Hunt’s two very different versions of The R’lyehian are further argument that there can, if not should, be a multitude of visions of “forms of which poetry and legend alone have caught”.

3.

While working as a curator and artist at The Colorado State Historical Museum in Denver, Roy produced a series of woodcut prints on commission for the WPA (Works Progress Administration). He would use this medium in fanac going forward. The highpoint of his woodblock art had to be the cover of the first issue of The Alchemist published after WWII (Vol. 2, No. 1) in August of 1946.

A photo of Hunt published in Stanley Mullen’s fanzine The Gorgon, Vol. 2, No. 1 (August 1948) shows him in front of his bookcase. You can make out the spine of John Coleman Burroughs’ dustjacket for his Dad’s Synthetic Men of Mars (1940—enthusiastically reviewed by RVH in The Alchemist, Vol. 1, No. 2, March 1940). Also on Roy’s desk is a studio portrait photo of the writer A(braham) Merritt, who was an extensive correspondent with the budding artist (“There’s nobody I’d rather have want my photo more than you.”—Merritt to Hunt, August 20th, 1941). Merritt’s side of the conversation is published in Sam Moskowitz’s A. Merritt: Reflections in the Moon Pool (Oswald Train, 1985). It is hoped that someone (FFE perhaps?) could find and reprint Hunt’s letters in this dialogue. Roy apparently lobbied for Hannes Bok, acting as an intermediary, for the job of illustrating Merritt’s The Metal Monster (1920), perhaps in a definitive edition: “Thanks for the offer on Metal Monster and full edition…I like the black and gold idea…” (Merritt to Hunt, May 11th, 1941).

We need to ‘hear’ Roy’s letters!

Like Bok, a fair amount of Hunt’s art for fanzines has an Art Deco style prevalent at that time. Roy did contribute a bibliography of Merritt’s work to the premiere issue of The Gorgon in March 1947, Covers for another ‘40s fanzine Le Zombie not only show what appears to be the use of a litho crayon for additional shading but the influence of Alexander King’s voudon tableaus in William Seabrook’s Magic Island (1929).

4.

Roy seemed foremost to be a fan of Edgar Rice Burroughs, beginning with his enjoyment of Hal Foster’s adaptation of Tarzan of The Apes in the Sunday newspapers. Hunt aspired to “study under J. Allen St. John [ERB’s main illustrator]…I would set about copying [pictures and colored jackets] diligently”. This is especially evident in Hunt’s own cover design and typography. After high school, he had worked creating handcrafted marquees for theaters. His lettering shows the clear influence of St. John’s titles for Burroughs’ dust jackets (Capital ‘T”s especially looking ‘sword-like’. Not to mention St.
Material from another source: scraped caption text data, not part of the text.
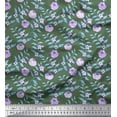 thumbnail image 1 of Soimoi Green Cotton Duck Fabric Leaf Floral Print Fabric by the Yard 42 Inch Wide, 1 of 3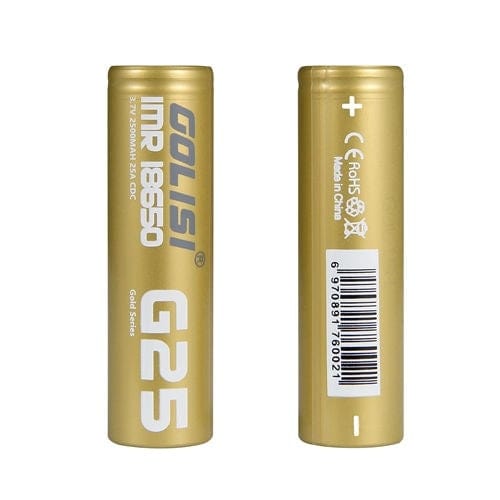 Golisi IMR G25 18650 20A/2500mAh Battery - Batteries - Vape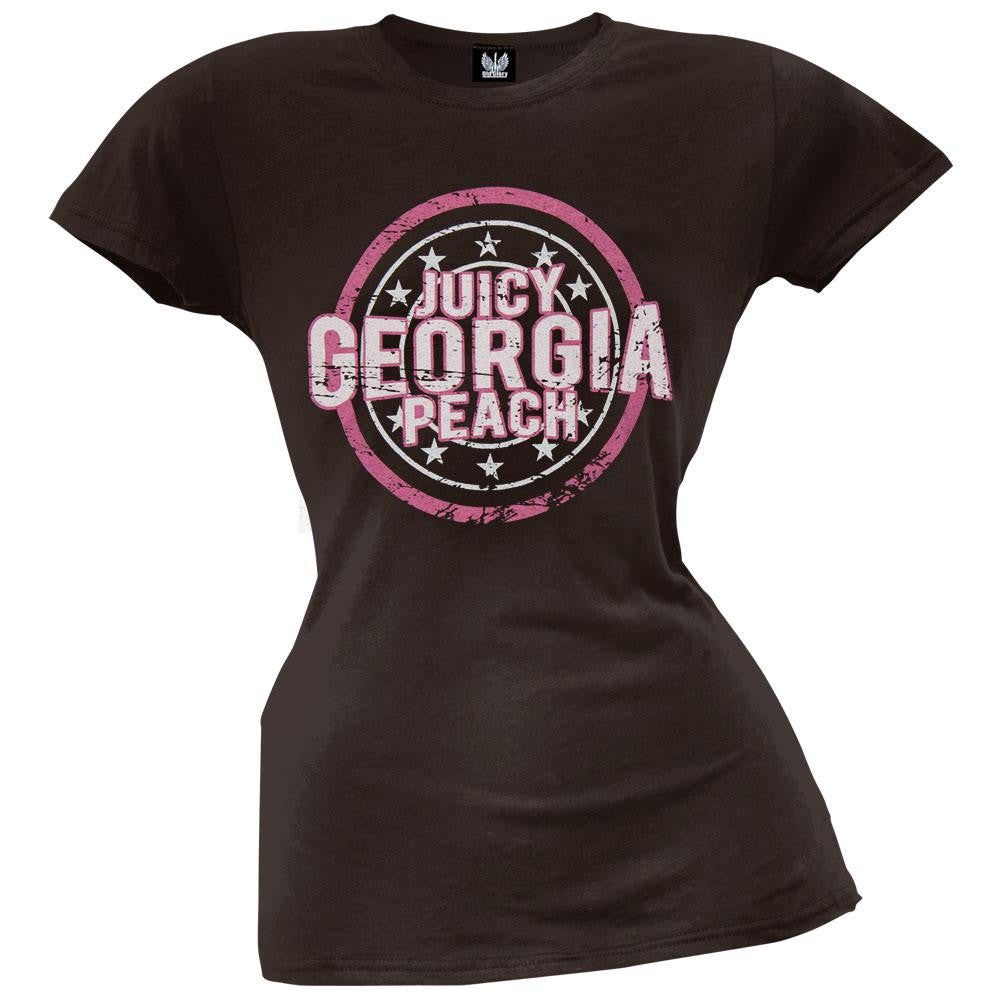 Jason Aldean - Juicy Georgia Peach Juniors T-Shirt Juniors T-Shirts Jason Aldean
John’s iconic redesigned logo for Weird Tales.)—a bespoke hand drawn jacket for John Taine’s novel The Gold Tooth being the best example (and superior to the actual printed edition’s design from 1927). While doing his wartime service with the US Navy, Roy actually ran into his idol ERB who was then serving as a war correspondent.
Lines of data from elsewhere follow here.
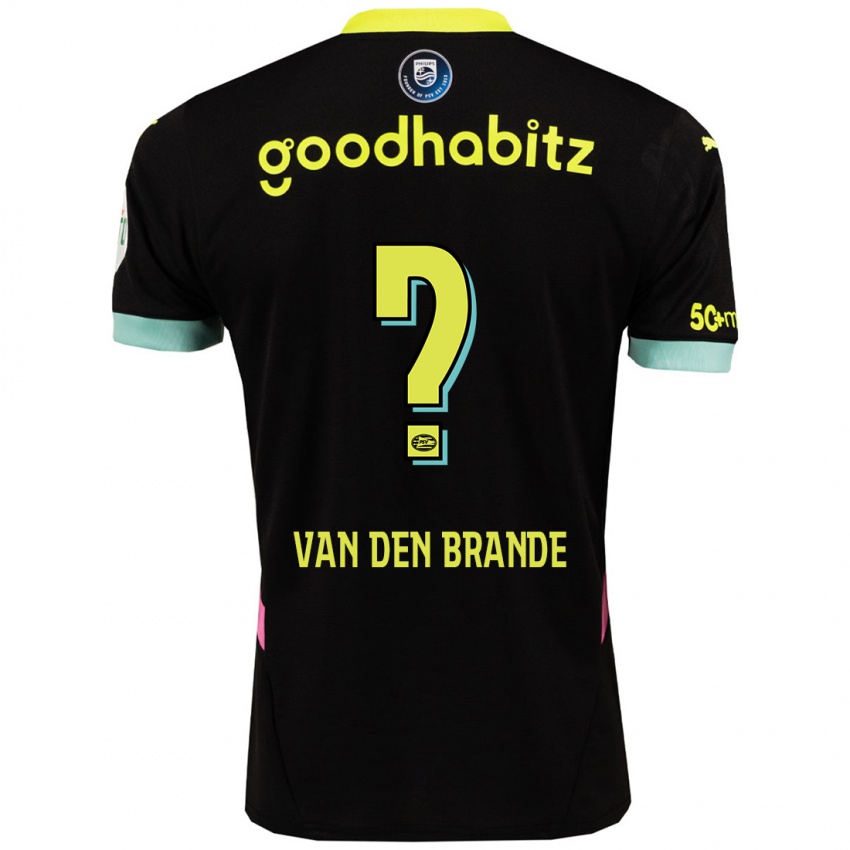 Herren Daan Van Den Brande #0 Schwarz Gelb Auswärtstrikot Trikot 2024/25 T-Shirt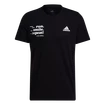 Heren T-shirt adidas  Sig Tee Black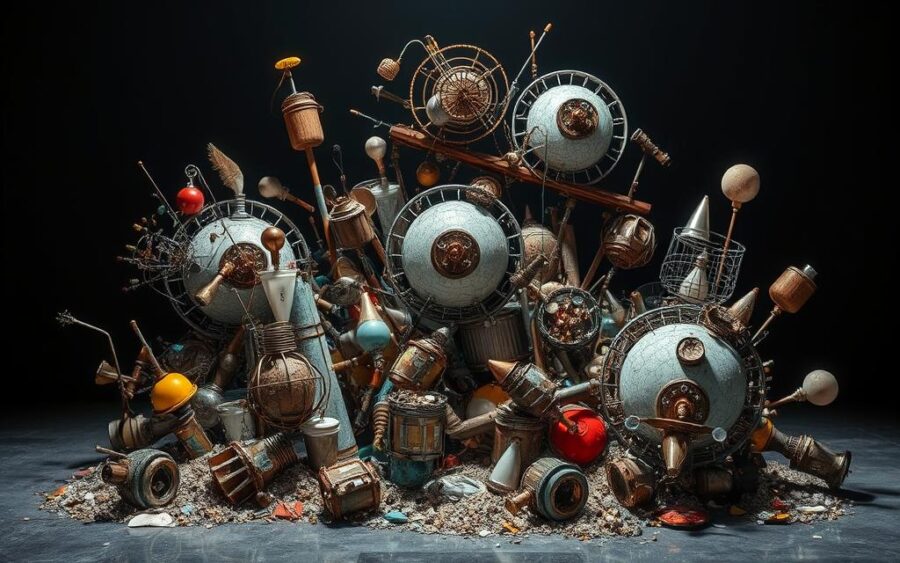 Dzieła z recyklingu: Kiedy śmieci stają się sztuką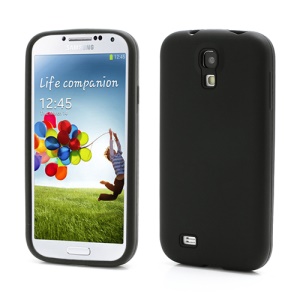 Flexible Silicone Skin Protector Case for Samsung Galaxy S 4 IV i9500 i9505 - Black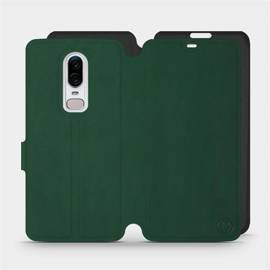 Phone Case OnePlus 6 A6000 - Design Green with Black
Hunt also recounted meeting the screen’s first sound Tarzan, Frank Merrill, in ERB-dom, No. 21 (July 1967). His cover for the 80th number of that same publication is one of this writer’s new favorites: A profile of The War Chief, Shoz Dijiji, rendered in concentric hues of a Colorado sunset. It transcends the influences of other artists, being a definitive illustration for a Burroughs work (1927) that is purely Huntian. I remember when this fanzine came out in 1975, this writer was less receptive to its cover’s style, preferring something more…Frazetta-like? With age comes wisdom. The art of Roy V. Hunt became then more than just the sum of his influences—Lovecraft, Merritt, Burroughs, Finlay, St. John, etc.—achieving that rare alchemy of being an inspiration to those of us who come after him.
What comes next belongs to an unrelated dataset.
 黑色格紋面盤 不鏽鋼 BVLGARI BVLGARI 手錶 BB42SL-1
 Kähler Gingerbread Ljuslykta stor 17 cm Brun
All of those book illustrations for Mullen’s Moonfoam and Sorceries which started this appreciation are reproduced fully herein, yet one now needs the totality of the actual published tome in its dark blue inked silver wraps. The quality of art and accompanying research is strong proof to anyone interested in great Old School fantasy illustration that they also need Roy V. Hunt. A Retrospective.